Ceará′s cylinder could be used in two ways. It allowed her to operate as a conventional floating drydock in which a submarine could undergo careening, maintenance, and refits. It also made her the only ship in the world that could serve as a floating facility for testing of the strength and watertight integrity of submarine pressure hulls. To undergo such a test, a submarine entered the cylinder, which then was sealed. Water was pumped into the cylinder to create a water pressure level equivalent to that which a submarine experienced at a depth of up to 60 m. Pressure could be increased gradually and decreased instantly, and the men aboard the submarine undergoing the test maintained constant telephone contact with Ceará′s crew, allowing a test to be terminated at the first sign of any problem with the pressure hull, thus ensuring minimal risk to those aboard the submarine.

Ceará had two powerful cranes, one at the stern of each of the two after hulls, giving her the capability to lift sunken submarines to the surface and to lift intact submarines out of the water to allow inspections of their propellers, rudders, and hull without docking them. Each crane was a 5.18 m metal lattice structure that could reach up to 5 m beyond the
transom of her twin after hulls. Each had a capacity of 200 t and could lift a weight 36.5 m in 30 minutes. To ensure a successful lift, she could be anchored securely fore and aft, and she had ballast tanks forward that could be flooded to keep her trimmed during a lift. She was fully equipped to support divers involved in the lift.

Ceará also was equipped to serve as a submarine tender. While her propulsion system occupied the after third of her twin after hulls, the rest of the ship provided facilities for the support of a squadron of up to six submarines displacing up to 250 t each. These included storage space for materials, food, ammunition, and torpedoes for the submarines, a repair shop, and accommodation for up to 130 submarine crewmen. She had two auxiliary diesel engines identical to the engines of the submarines she supported; these not only powered dynamos that recharged the submarines′ batteries, but also allowed engine room crews from the submarines to receive training aboard Ceará in the operation and maintenance of the engines aboard their submarines. Ceará had three air compressors which recharged the submarines' compressed air tanks and torpedo cylinders, as well as a refrigeration system and a drinking water distiller with a capacity of 200 l per hour.
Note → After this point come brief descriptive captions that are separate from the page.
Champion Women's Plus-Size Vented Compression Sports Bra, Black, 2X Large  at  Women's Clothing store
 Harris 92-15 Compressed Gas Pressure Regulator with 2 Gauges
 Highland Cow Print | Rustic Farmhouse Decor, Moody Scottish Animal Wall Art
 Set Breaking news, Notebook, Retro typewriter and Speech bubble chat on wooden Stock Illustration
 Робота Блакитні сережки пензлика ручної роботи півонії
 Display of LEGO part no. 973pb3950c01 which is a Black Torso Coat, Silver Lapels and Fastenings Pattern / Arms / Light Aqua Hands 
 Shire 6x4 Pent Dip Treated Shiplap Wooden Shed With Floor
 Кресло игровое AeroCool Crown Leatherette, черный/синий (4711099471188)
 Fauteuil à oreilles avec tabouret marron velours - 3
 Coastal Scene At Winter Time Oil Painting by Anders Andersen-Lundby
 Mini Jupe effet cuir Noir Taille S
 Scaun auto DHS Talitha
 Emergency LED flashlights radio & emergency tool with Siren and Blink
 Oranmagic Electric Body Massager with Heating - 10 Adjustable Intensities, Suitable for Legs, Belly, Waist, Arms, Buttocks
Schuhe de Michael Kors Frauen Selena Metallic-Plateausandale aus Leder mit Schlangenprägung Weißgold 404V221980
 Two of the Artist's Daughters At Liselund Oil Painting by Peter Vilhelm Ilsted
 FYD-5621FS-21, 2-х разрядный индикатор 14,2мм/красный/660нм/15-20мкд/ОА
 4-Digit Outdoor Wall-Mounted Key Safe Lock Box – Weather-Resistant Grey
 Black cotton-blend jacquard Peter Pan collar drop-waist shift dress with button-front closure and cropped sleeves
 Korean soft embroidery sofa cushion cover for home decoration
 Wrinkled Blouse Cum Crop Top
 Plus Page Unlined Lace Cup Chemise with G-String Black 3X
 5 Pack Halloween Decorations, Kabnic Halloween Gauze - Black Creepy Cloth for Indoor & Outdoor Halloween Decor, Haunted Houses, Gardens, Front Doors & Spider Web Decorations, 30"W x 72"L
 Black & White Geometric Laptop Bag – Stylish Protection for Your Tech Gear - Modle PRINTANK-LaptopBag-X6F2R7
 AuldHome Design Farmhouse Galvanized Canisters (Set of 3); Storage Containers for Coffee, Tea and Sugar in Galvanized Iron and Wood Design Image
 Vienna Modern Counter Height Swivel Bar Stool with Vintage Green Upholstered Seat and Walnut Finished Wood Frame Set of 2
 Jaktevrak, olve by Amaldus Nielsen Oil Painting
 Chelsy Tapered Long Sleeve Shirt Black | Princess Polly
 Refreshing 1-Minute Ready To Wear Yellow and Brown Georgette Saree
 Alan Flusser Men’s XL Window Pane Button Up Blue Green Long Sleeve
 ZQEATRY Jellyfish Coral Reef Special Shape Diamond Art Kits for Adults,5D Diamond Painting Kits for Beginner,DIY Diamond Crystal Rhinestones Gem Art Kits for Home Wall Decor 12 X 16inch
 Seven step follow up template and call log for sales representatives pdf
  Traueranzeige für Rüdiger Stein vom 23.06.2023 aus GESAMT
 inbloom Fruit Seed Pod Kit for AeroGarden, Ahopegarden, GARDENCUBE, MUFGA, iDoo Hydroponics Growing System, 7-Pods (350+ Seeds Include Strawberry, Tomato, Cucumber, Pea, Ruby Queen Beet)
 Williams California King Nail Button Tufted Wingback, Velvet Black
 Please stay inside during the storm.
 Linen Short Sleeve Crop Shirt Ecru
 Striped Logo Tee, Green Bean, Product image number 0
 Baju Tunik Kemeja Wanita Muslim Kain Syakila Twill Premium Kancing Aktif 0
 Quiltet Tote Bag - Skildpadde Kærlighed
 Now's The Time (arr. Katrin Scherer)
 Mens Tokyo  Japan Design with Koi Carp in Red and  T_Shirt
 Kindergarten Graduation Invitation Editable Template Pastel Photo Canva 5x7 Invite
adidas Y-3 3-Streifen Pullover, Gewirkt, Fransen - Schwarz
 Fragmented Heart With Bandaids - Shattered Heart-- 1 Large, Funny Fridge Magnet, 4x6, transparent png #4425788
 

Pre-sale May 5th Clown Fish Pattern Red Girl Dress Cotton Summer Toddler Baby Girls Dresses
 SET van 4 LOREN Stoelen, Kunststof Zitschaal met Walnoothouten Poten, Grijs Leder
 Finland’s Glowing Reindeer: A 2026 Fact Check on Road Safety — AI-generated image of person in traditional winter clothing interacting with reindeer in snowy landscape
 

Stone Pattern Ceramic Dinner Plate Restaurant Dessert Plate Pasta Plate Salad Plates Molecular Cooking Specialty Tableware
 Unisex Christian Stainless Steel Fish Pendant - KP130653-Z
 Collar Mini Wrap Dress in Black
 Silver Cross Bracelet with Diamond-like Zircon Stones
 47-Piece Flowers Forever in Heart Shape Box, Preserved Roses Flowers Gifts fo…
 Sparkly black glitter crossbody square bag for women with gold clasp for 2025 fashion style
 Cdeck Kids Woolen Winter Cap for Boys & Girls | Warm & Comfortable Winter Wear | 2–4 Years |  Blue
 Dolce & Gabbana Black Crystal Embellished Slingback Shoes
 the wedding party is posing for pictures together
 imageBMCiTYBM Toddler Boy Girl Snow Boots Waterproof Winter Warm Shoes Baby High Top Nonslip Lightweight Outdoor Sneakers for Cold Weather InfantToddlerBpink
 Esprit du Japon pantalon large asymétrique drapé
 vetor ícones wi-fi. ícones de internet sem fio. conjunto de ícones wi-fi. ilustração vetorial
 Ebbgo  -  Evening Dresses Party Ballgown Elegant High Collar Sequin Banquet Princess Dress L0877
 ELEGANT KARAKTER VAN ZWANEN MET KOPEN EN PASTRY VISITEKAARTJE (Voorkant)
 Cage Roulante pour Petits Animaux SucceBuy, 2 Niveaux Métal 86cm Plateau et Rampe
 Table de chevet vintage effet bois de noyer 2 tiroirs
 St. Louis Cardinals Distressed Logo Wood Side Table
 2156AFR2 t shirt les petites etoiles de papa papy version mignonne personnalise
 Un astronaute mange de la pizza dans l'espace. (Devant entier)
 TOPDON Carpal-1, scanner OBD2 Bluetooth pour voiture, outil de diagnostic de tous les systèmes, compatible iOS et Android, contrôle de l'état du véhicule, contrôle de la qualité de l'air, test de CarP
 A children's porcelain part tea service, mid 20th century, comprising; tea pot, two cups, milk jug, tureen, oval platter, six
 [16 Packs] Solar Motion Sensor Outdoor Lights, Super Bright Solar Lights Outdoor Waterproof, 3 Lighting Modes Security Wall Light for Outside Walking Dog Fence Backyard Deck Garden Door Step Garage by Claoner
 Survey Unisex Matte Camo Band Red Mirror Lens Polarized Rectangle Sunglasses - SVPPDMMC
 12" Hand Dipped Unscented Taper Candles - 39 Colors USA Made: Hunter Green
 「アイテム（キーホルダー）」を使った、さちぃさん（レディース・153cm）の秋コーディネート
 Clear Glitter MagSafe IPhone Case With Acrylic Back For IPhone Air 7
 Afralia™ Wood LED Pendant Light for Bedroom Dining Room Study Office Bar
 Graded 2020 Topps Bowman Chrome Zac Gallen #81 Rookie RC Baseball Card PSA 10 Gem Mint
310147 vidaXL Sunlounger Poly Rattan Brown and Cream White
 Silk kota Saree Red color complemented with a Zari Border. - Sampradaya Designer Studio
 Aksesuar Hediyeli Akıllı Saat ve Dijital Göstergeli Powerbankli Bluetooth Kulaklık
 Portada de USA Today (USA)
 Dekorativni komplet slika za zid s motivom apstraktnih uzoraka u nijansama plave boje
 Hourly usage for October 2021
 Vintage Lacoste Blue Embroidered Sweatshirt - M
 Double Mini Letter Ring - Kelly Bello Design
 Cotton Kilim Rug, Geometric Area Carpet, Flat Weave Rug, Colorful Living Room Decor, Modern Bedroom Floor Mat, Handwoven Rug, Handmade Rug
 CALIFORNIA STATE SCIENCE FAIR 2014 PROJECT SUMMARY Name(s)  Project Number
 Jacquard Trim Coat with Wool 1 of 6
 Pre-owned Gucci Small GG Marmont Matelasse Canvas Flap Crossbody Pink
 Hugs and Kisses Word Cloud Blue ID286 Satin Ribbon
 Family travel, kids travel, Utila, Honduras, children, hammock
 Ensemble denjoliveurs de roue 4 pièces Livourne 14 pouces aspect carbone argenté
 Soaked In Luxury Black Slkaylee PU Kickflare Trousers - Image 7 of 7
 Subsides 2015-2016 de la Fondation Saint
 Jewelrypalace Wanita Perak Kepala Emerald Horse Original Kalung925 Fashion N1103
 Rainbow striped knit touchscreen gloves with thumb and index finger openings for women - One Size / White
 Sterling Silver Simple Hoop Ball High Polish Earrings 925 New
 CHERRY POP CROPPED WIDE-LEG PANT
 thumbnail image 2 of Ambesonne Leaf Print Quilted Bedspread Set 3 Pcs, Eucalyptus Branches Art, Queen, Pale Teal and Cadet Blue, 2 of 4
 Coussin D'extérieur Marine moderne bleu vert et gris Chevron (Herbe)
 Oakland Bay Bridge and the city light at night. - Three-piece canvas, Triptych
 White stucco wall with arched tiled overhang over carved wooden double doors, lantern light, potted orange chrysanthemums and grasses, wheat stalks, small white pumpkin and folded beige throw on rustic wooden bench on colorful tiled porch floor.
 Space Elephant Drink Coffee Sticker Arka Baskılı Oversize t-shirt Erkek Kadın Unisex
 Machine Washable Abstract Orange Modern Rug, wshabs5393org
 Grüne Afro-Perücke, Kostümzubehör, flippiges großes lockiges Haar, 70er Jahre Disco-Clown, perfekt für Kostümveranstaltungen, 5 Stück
Ceará carried enough diesel fuel, provisions, ammunition, torpedoes, and spare parts to fully resupply six submarines four times each, as well as supply them with potable water, distilled water, allowing them to operate for extended periods without having to return to port.

One of Cearás main diesel engines.

Ceará′s propulsion system consisted of two FIAT-San Giorgio two-stroke, six-cylinder diesel engines. The most powerful diesel engines installed in a ship at the time of Ceará′s construction — each of them was rated at either 2,100 hp or 2,300 hp, according to different sources — they were smaller and lighter than similar four-stroke engines. They drove Cearás two propellers, with one engine and its associated propeller shaft and propeller in each of her twin hulls; each hull also had a rudder and a manually operated emergency rudder. Each engine was 9.3 m long, 5 m tall, and 3 m wide and weighed 160 t. They gave her a maximum speed of 14 kn and an economical cruising speed of 10 kn. Although diesel engines were smaller, lighter, and used less fuel than steam engines and eventually would become common in ship design, in the early 20th century ship designers and operators viewed them as having questionable reliability compared to steam engines, and their use in Ceará was a novelty at the time. However, Laurenti convinced the Brazilian Navy of the advantages of using them in Ceará. With a full load of 600 t of fuel aboard, she had a range of 4,000 nmi at 10 kn.

Sources disagree on Ceará′s dimensions; one claims her displacement was 4,196 t at full load and that she was 100 m long, with a beam of 15.5 m and a draft of 4.2 m at full load, while another asserts that her standard displacement was 3,500 tons, that her displacement was 5,740 tons at full load, and that she was 101.30 m long, with a beam of 15.75 m and a draft of 6.0 m.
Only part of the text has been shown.